One upside of being pathetically weak and sickly is the ability to put work on one side completely and indulge in all the books, comics and dvds that have been piling up.
Actually, I didn’t get very far on the book front – I’m still wading through House of Leaves by Mark Z Danielewski. ‘Wading’ is perhaps the wrong term – I do love the book – but it is hard-going. It’s a very modern, scary, supernatural story, but written without a hint of familiar genre-isms, and designed to put the reader through as many torments as the characters. In the tale, a tattoo artist inherits the notes of an aged academic investigating a seemingly-famous Amityville-style house with an otherworldly labyrinth – except no one beyond the academic appears to know about it. In that description, you can already see the layered density of the story. Yet the design of the book has been created to mimic the house’s labyrinth, with footnotes sending you back and forth, appendices, upside down and mirror text, hidden codes and more. You wonder if the footnotes are even slightly relevant until you get to, say, number 313 and find buried away a one-line revelation that explains a character’s entire psychology. A great book, particularly for navel-gazers and self-styled intellectuals, but it does take time following that cord through the twists and turns.
Some comics caught my eye over the last few days. House of Mystery, the new release from DC’s Vertigo imprint, written by Matt Sturges and Bill Willingham with art by Luca Rossi, was very enjoyable.

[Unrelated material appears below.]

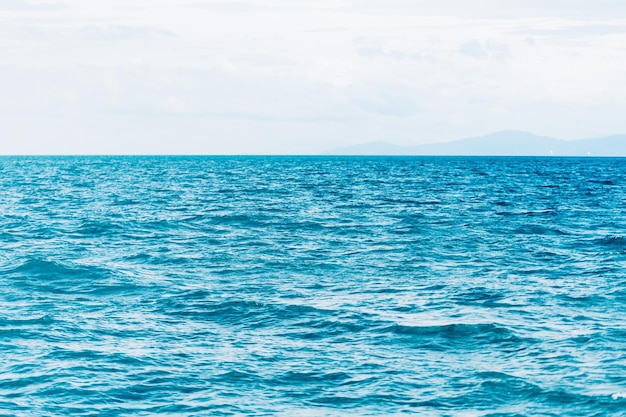 Bright Blue ocean with smooth wave background.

I was a fan of this title back in the seventies, when it was a straightforward horror (or ‘mystery’) anthology, with art by such greats as Neal Adams, Berni Wrightson, Alex Toth and Sergio Aragones. In Alan Moore’s Swamp Thing and Neil Gaiman’s The Sandman, the house and its caretaker Cain was established as a residence that existed in dreams. In this incarnation, the house has been stolen and re-sited ‘somewhere else’. A group of strange characters are forced to live there telling stories to pay for their board while they attempt to find a way back to the real world. The first issue sets up lots of mysteries, so it comes across a bit like Lost, only creepier.
I also started a collection of the first five issues of The Exterminators, another Vertigo title (now cancelled) about a group of bug and vermin exterminators operating in the more sordid parts of Los Angeles. At first it appears a great slice of life story with strong characterisation, until a hint of fantasy arises like the first sign of one of the infestations – the bugs are becoming stronger? Smarter? Looks like there’s a war brewing. Great writing by Simon Oliver and suitably grimy art by Tony Moore, who made a name for himself on Image’s The Walking Dead. Highly recommended, as those critics like to say.
I also read the first issue of DC’s summer blockbuster Final Crisis by Grant Morrison and J G Jones. It’s early days yet, and there’s a lot of clear set-up for story to come, but again very enjoyable. Grant can do no wrong in my eyes, from Zenith for 2000AD to Doom Patrol, Animal Man and The Invisibles, which is why I name-checked his excellent Seven Soldiers series in The Burning Man.
On the movie front, my tastes have always been eclectic, but I can’t imagine many people reading this enjoying the early 1940s films of British comedians Arthur Askey and George Formby. Kept me happy, though. I also finally got round to seeing SF greats This Island Earth and Invaders From Mars. Ones for fans only, I think, though there’s a pleasantly creepy aspect to the latter.